To design a parking lot or structure, an estimate of the number of users is needed. Like many other infrastructure projects, parking lots are often designed for peak demands. For example, parking lots serving large retail centers are often sized to hold the “Black Friday” (the Friday after Thanksgiving) crowds. This means that for much of the year, the lots are grossly oversized. Other design decisions include the type of parking stalls (angled or perpendicular), the size of those stalls (length and width), and means for the safe and efficient circulation of vehicles around the lot. In areas of high snowfall, additional space is required for the accumulation of plowed snow.
Traffic planners can use many tools to help relieve traffic congestion. For example, bus lanes ensure uncongested bus travel, which in turn helps maintain route schedules and thereby encourages ridership.
Slugging
The benefits associated with HOV lanes has led to the development of a unique solution, known as casual carpooling or slugging, (also known as “dynamic ridesharing'') in Washington, DC and other metropolitan areas, whereby if professionals hitchhike. Car commuters will “pick up” slugs (hitchhikers), often total strangers, in order to meet the two or three passenger minimum requirement to drive in the HOV lanes and substantially decrease commuting times. Slugging has evolved over the last few decades into a highly organized, citizen-run activity with its own rules of etiquette.
HOV lanes (also referred to as carpool lanes) are used in many metropolitan areas to promote carpooling (thus reducing congestion). Driving in a carpool lane in a single occupied vehicle is a traffic offense subject to fines of several hundred dollars.
Automated tolls are rapidly replacing traditional toll booths; traditional toll booths require all vehicles to stop and pay tolls. In contrast, pre-paid accounts and signal transponders placed on front windshields or dashboards allow vehicles to proceed (often at highway speeds) through automatic toll zones, significantly reducing congestion. Drivers that are not subscribed to the local automatic toll service quickly realize the benefits when waiting in long lines of stopped vehicles in adjacent manual pay lanes.
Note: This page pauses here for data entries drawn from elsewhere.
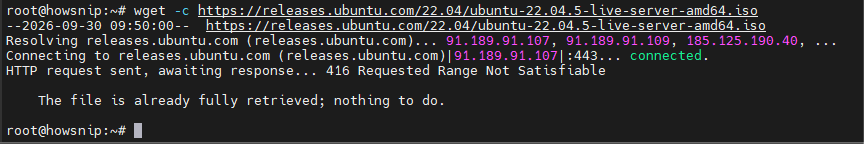 Linux wget commands howsnip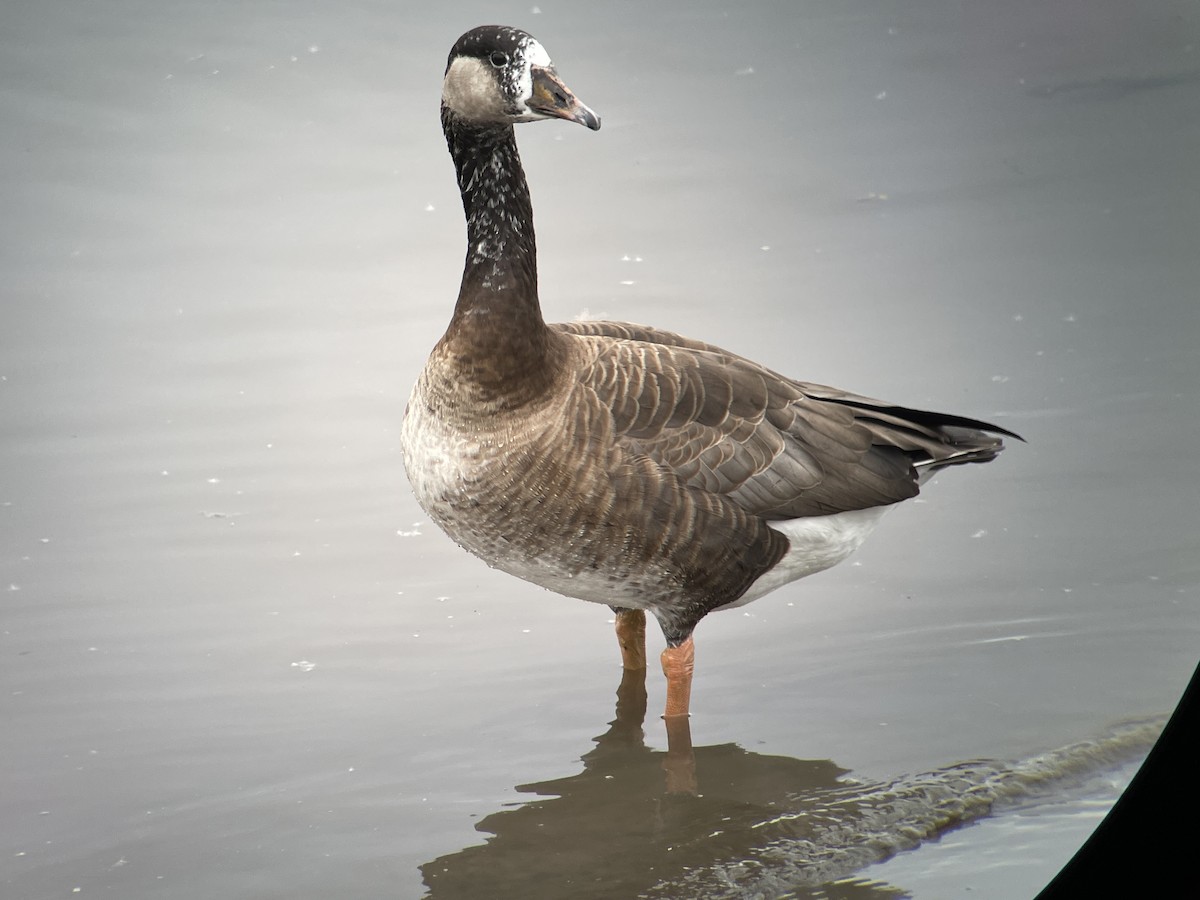 Domestic goose sp. x Canada Goose (hybrid) - ML618428064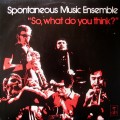 Buy Spontaneous Music Ensemble - So, What Do You Think? (Vinyl) Mp3 Download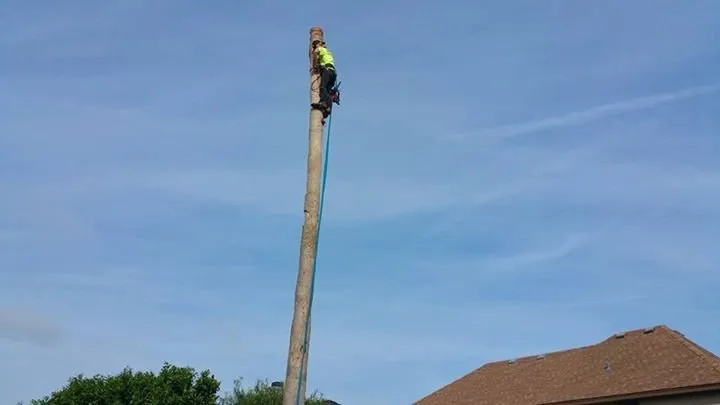 Affordable yard cleanup service experts serving Corpus Christi, TX - CC Tree Service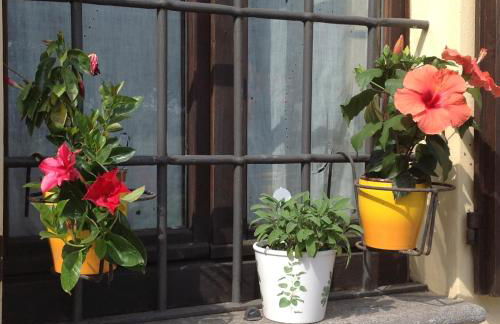 Agriturismo La Morosina - Photo 71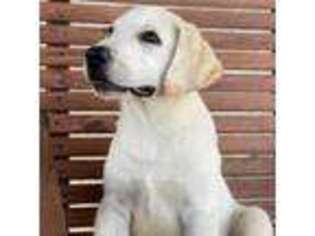 Labrador Retriever Puppy for sale in El Campo, TX, USA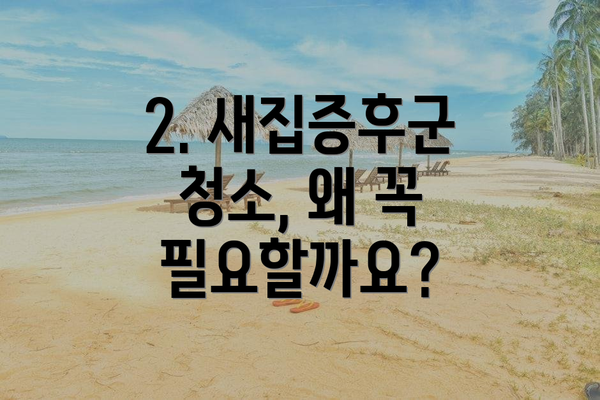 2. 새집증후군 청소, 왜 꼭 필요할까요?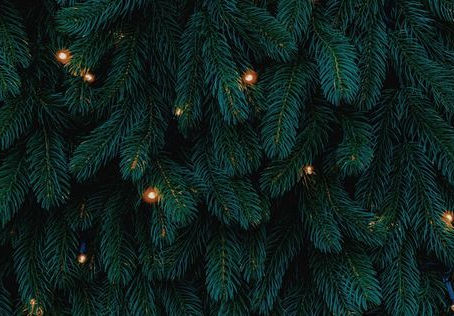 Rituales Navideños 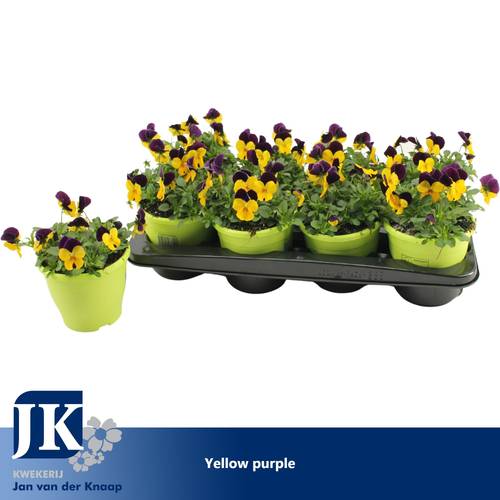 Hornveilchen gelb lila T14 H012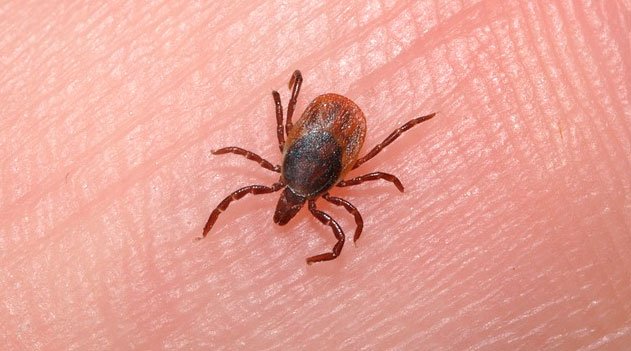 Carrapato - Parasitologia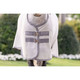 product variation HORSEWARE IRELAND Amigo Bug Rug Pony Silver/Titanium Grey/Silver Fly Sheet (AFRMGQ-IJI0) image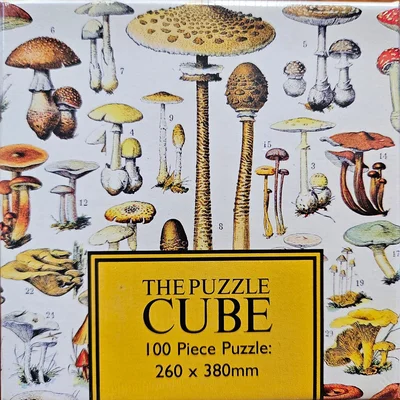 Champignons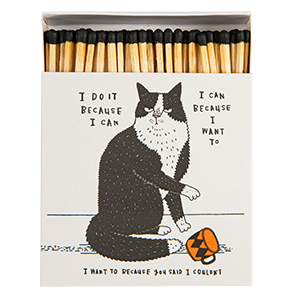 I do it because I can | Sicherheitsstreichhölzer - Archivist Gallery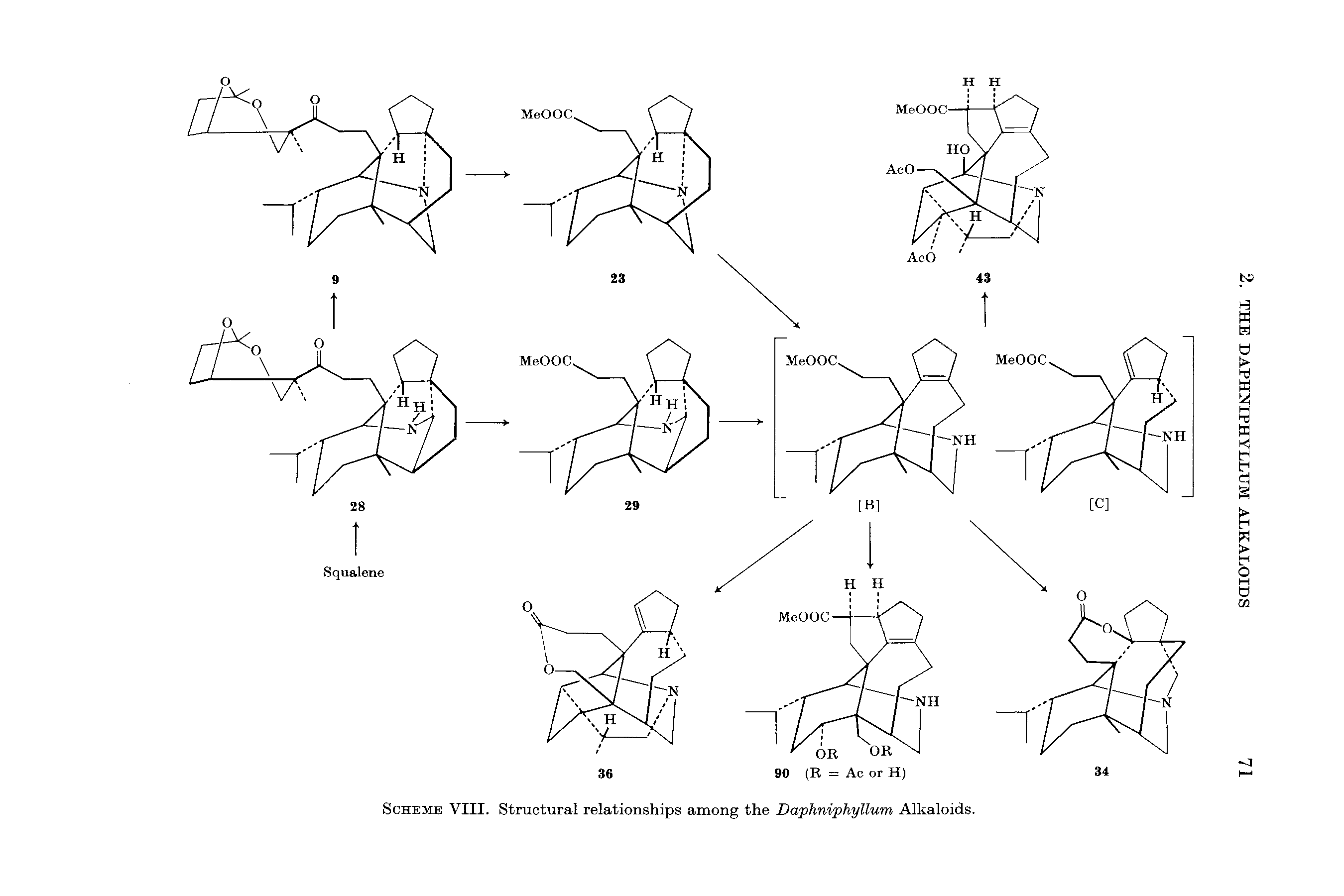 Scheme VIII. Structural relationships among the Daphniphyllum Alkaloids.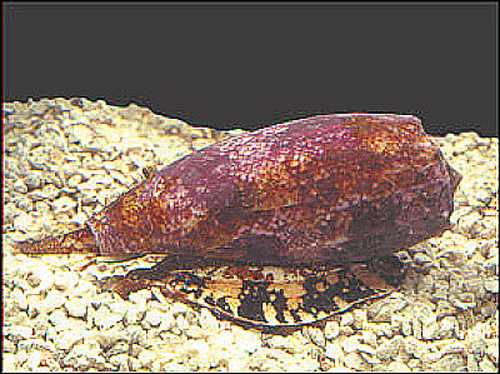 Geographic Cone Snail on rocks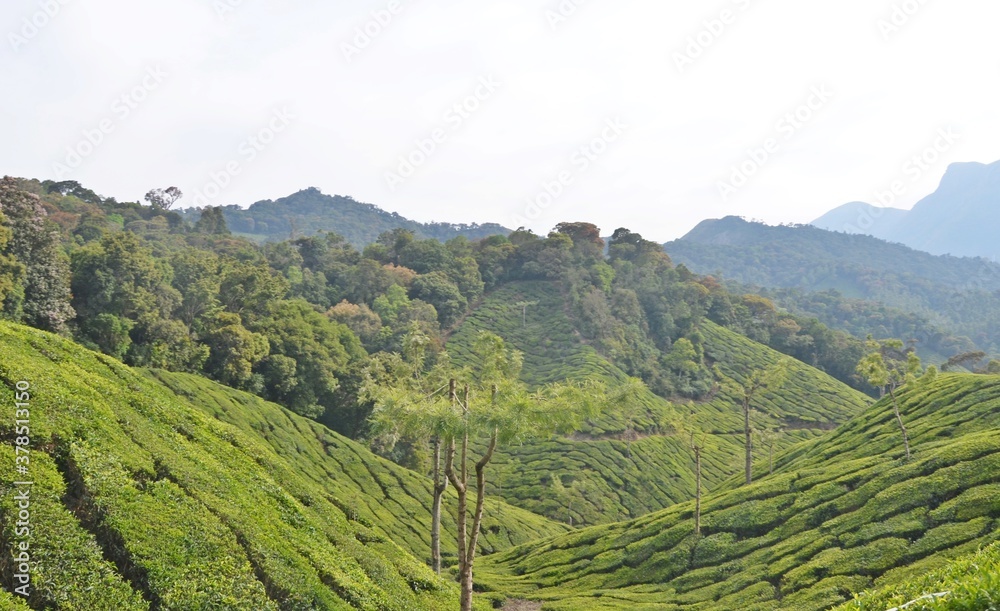 tea plantation in the mountains kerala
Express lanes are used on freeways to limit congestion from entrance and exit traffic. For example, the Dan Ryan Expressway (Interstate 90/94, Figure 4.12) in Chicago has seven lanes in each direction. Four center lanes are “express” with limited interchanges to the local lanes. Three outer lanes are “local” with frequent entrance and exit ramps to arterials.
Approximately 5 percent of Americans use mass transit (public transportation) to get to work (Figure 4.13), a percentage much lower than that of most other industrialized nations. Mass transit includes buses, trolleys, and rail.
Buses (Figure 4.14) are the most prevalent form of mass transit, with over 160,000 miles of routes in the United States. However, many communities struggle to manage bus systems, and as ridership decreases, so does revenue, creating further problems for sustaining or expanding the systems.
Ferries are used to transport passengers or vehicles over water. They are a minor mode of transport in the United States, but are critical local components in some regions. For example, consider Puget Sound in Washington (see Figure 4.15), where large population, commercial, and industrial centers exist on opposite sides of a large body of water.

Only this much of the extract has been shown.